▶ **AVAILABLE RECORDS**
╭──

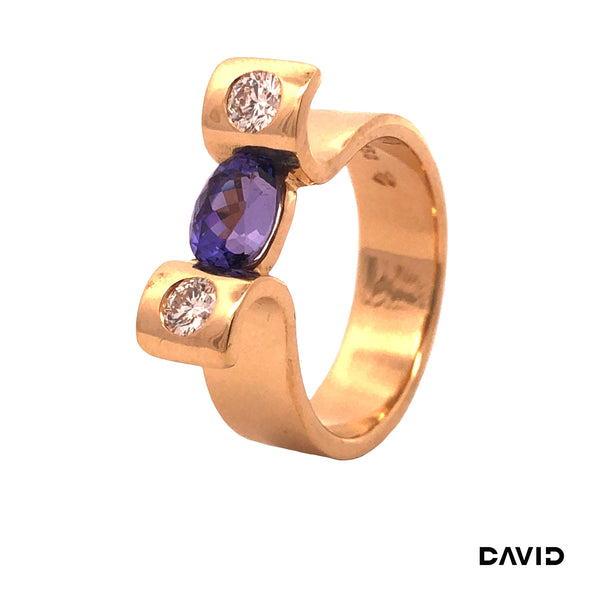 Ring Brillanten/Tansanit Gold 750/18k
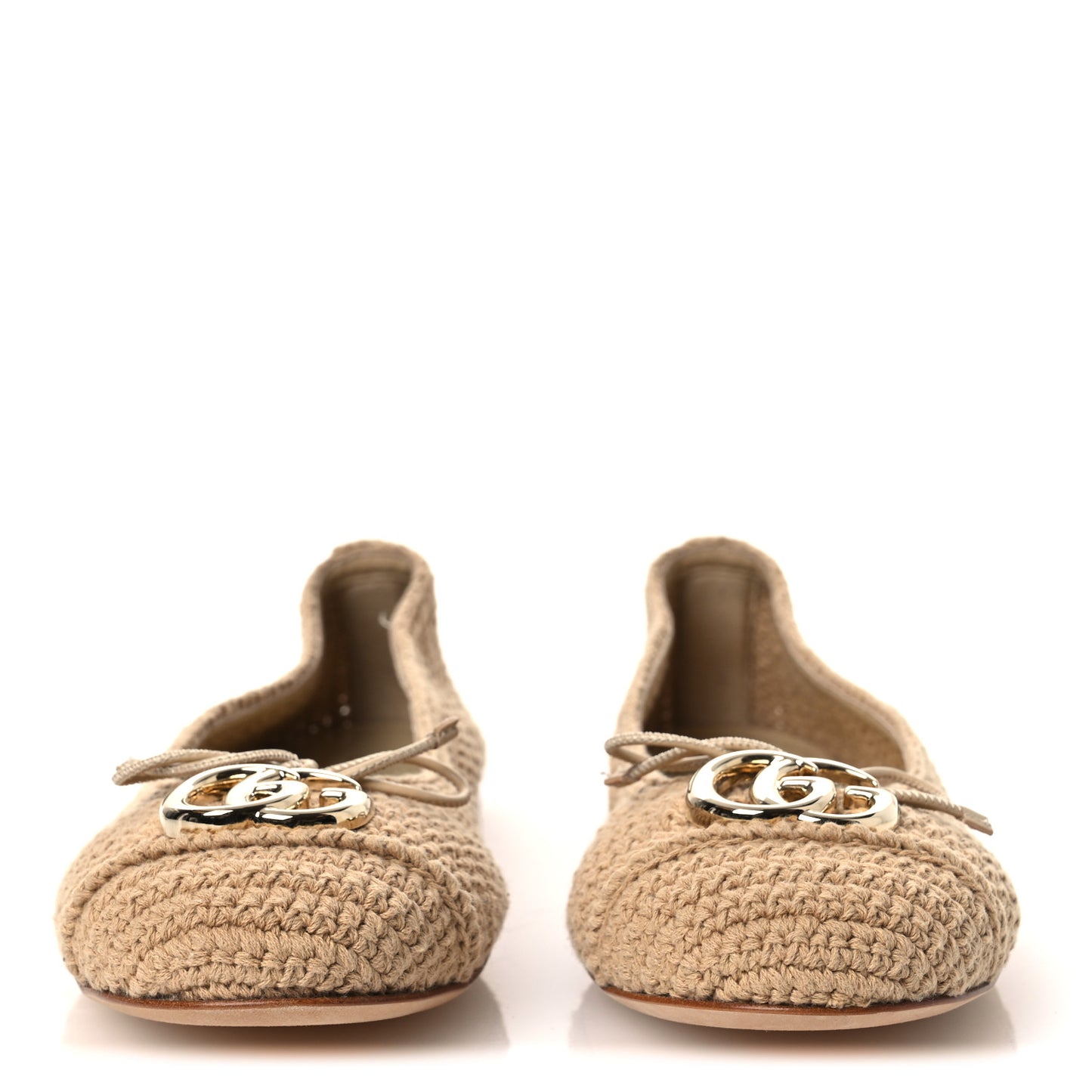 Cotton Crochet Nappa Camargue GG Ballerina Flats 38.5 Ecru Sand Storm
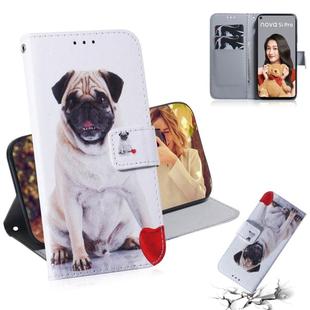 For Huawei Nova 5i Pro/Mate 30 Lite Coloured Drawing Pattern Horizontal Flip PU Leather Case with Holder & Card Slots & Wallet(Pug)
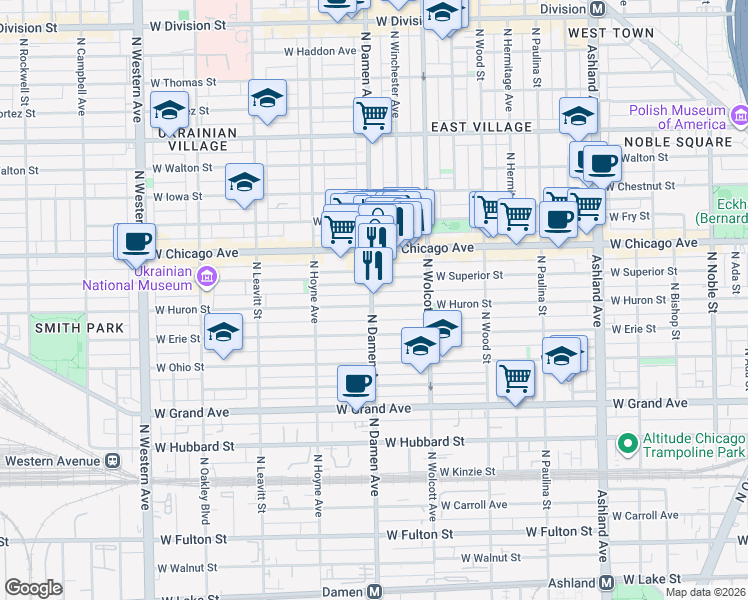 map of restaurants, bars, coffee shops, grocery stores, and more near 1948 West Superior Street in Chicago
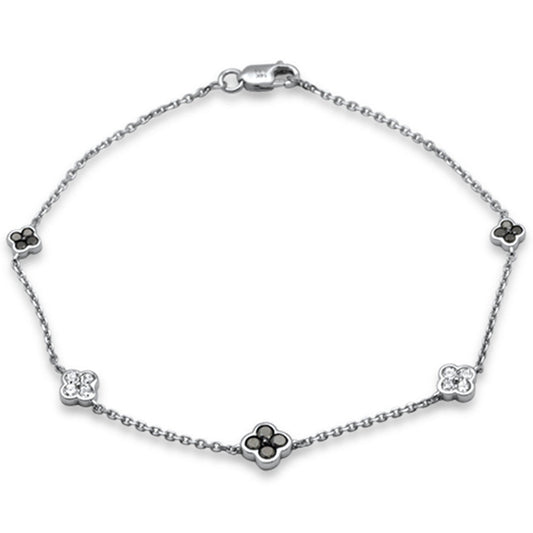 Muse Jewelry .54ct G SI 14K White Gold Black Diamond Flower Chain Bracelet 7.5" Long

╰──
╭──

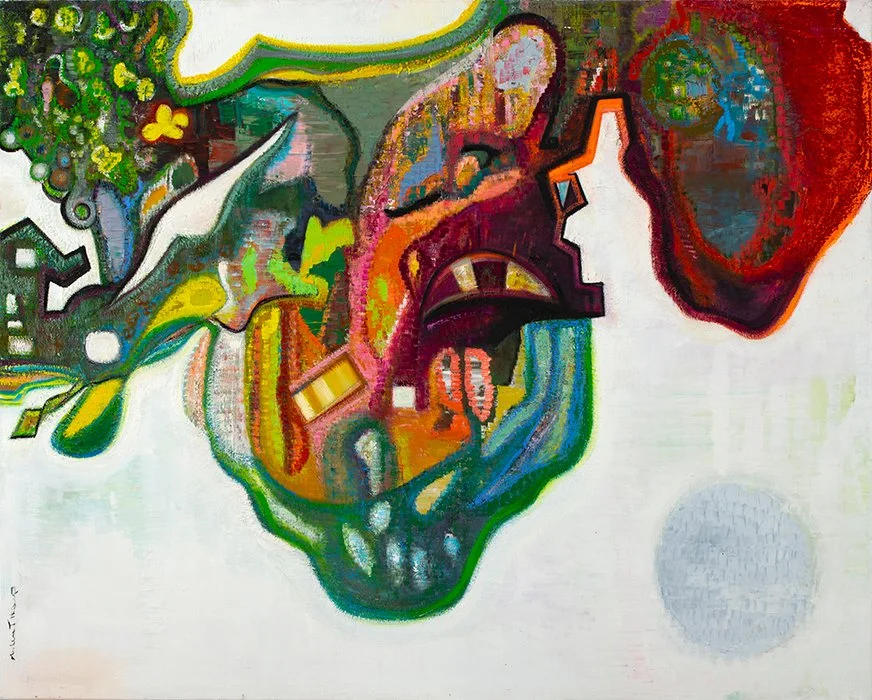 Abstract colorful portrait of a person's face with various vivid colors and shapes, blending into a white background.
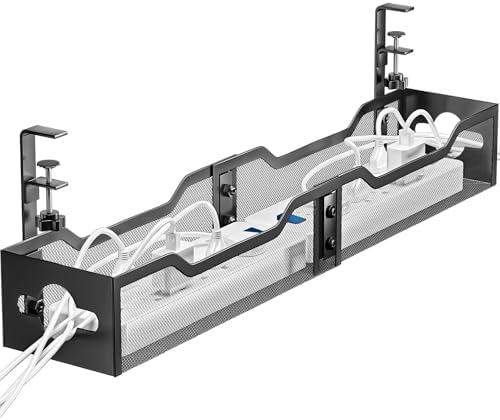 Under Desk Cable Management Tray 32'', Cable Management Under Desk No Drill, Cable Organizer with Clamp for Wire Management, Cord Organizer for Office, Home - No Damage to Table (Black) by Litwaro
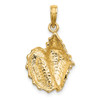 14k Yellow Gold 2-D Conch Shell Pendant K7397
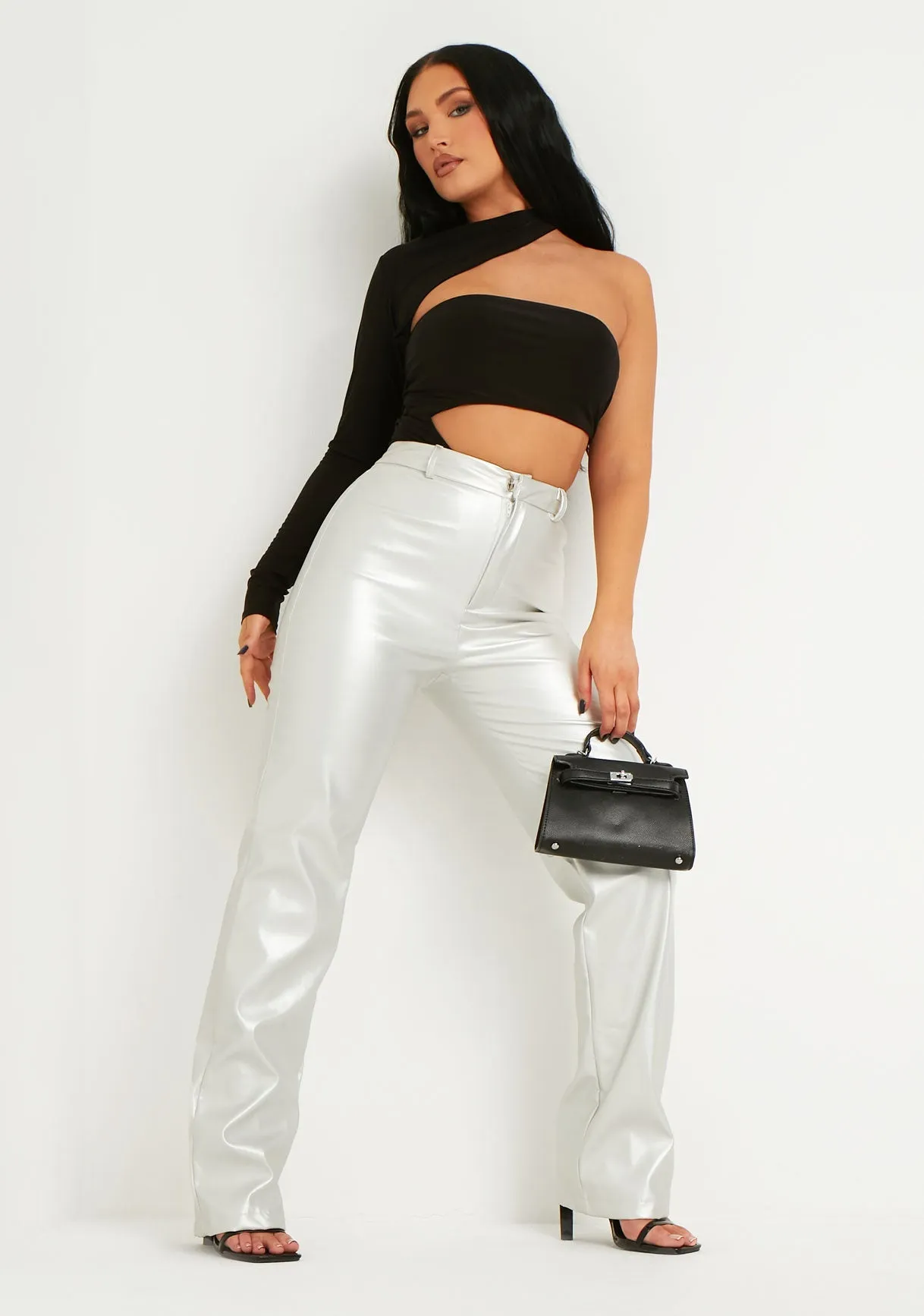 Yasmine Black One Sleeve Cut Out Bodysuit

╰──

▶ **PROMPT**
From the records above, extract the lines from the one holding "Cotton Crochet Nappa" through the one holding "Muse Jewelry .54ct", word for word; omit the pictures.

▶ **WRITTEN RESPONSE**
 Cotton Crochet Nappa Camargue GG Ballerina Flats 38.5 Ecru Sand Storm
 For Huawei Nova 5i Pro/Mate 30 Lite Coloured Drawing Pattern Horizontal Flip PU Leather Case with Holder & Card Slots & Wallet(Pug)
 map of restaurants, bars, coffee shops, grocery stores, and more near 1948 West Superior Street in Chicago
 Muse Jewelry .54ct G SI 14K White Gold Black Diamond Flower Chain Bracelet 7.5" Long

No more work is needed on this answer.